Word for word, set down the records and skip each picture.

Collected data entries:
- - -

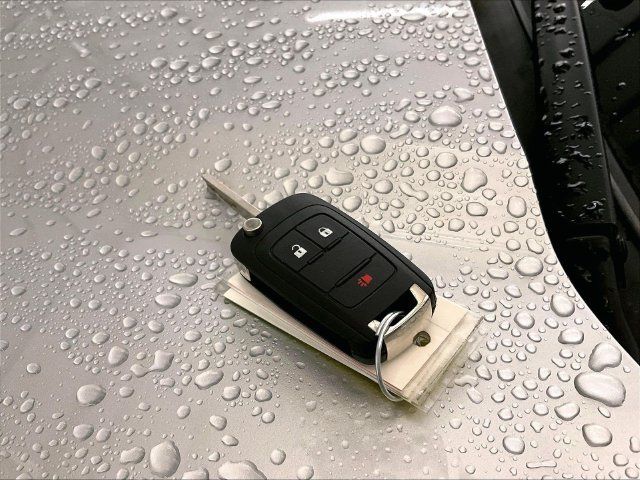 Used 2018 Chevrolet Trax LS AWD/4WD image 9
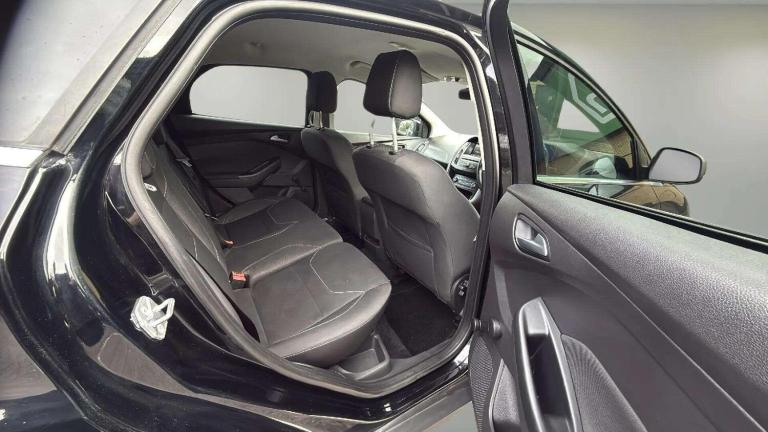 2015 Ford Focus 1.0 EcoBoost Zetec 5dr HATCHBACK PETROL Manual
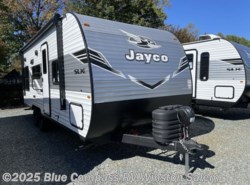 New 2026 Jayco Jay Flight SLX 210QB available in Rural Hall, North Carolina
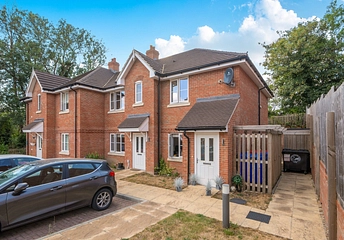2 bedroom apartment for sale - Fearney Field Close, Chesham, HP5 - Property View 1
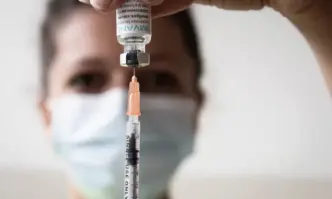 62 годишен мъж от Германия против медицинските съвети е бил ваксиниран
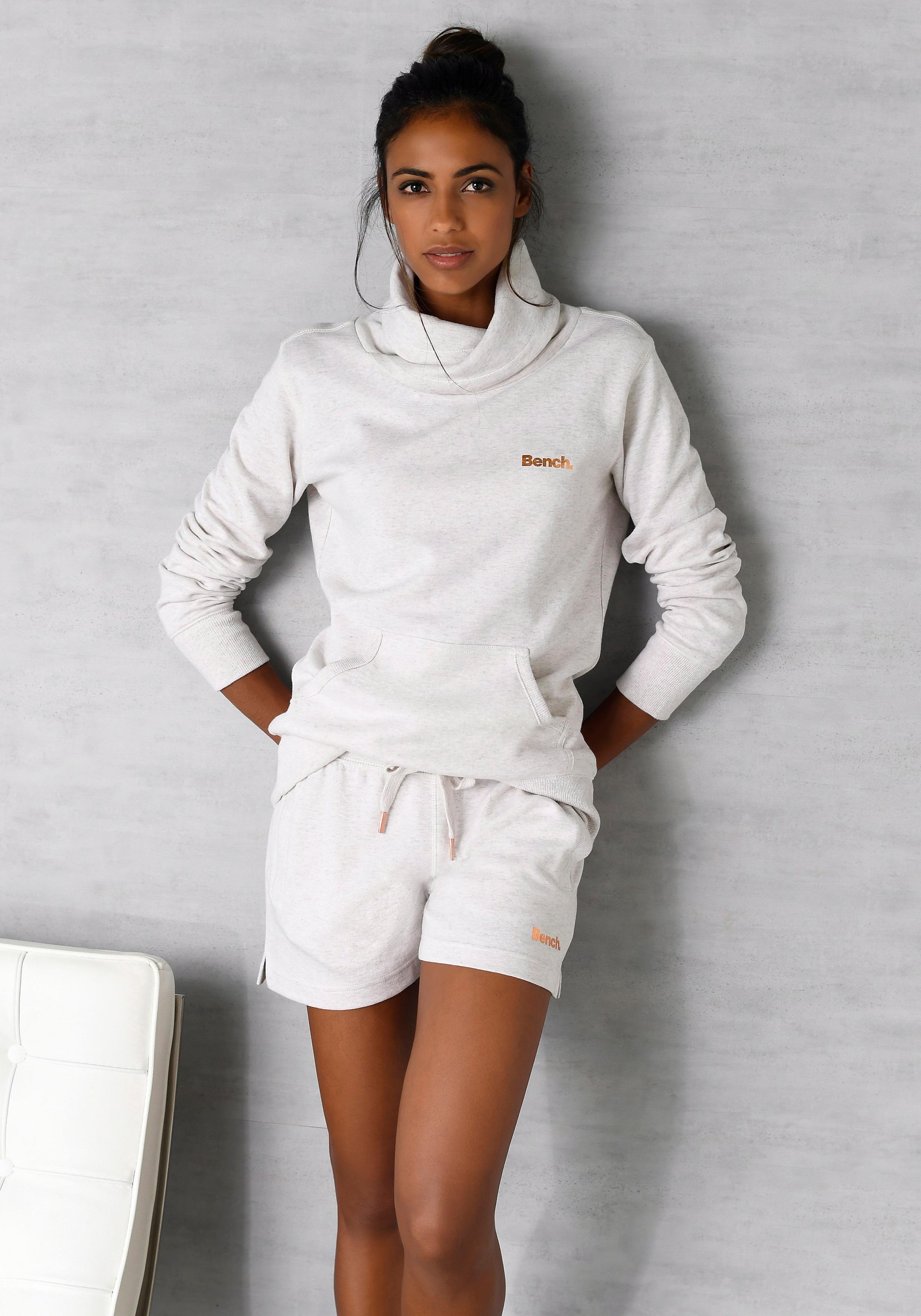 Bench. Loungewear Relaxshorts, Sweathose mit kurzen Seitenschlitzen und seitliche Taschen, Loungewear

- - -

## Reply to the exercise
 Used 2018 Chevrolet Trax LS AWD/4WD image 9
 2015 Ford Focus 1.0 EcoBoost Zetec 5dr HATCHBACK PETROL Manual
 New 2026 Jayco Jay Flight SLX 210QB available in Rural Hall, North Carolina
2 bedroom apartment for sale - Fearney Field Close, Chesham, HP5 - Property View 1
 62 годишен мъж от Германия против медицинските съвети е бил ваксиниран
 Bench. Loungewear Relaxshorts, Sweathose mit kurzen Seitenschlitzen und seitliche Taschen, Loungewear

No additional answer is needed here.